-- Extracted information --

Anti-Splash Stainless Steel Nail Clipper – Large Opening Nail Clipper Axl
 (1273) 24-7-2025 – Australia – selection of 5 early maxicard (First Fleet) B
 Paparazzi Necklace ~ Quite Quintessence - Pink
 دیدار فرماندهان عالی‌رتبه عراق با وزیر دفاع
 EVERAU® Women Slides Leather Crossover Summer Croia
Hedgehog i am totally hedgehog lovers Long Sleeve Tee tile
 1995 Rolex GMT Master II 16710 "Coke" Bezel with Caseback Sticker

-- Exercise --
Using the material above, print every entry exactly as written.

-- Written answer --
Anti-Splash Stainless Steel Nail Clipper – Large Opening Nail Clipper Axl
 (1273) 24-7-2025 – Australia – selection of 5 early maxicard (First Fleet) B
 Paparazzi Necklace ~ Quite Quintessence - Pink
 دیدار فرماندهان عالی‌رتبه عراق با وزیر دفاع
 EVERAU® Women Slides Leather Crossover Summer Croia
Hedgehog i am totally hedgehog lovers Long Sleeve Tee tile
 1995 Rolex GMT Master II 16710 "Coke" Bezel with Caseback Sticker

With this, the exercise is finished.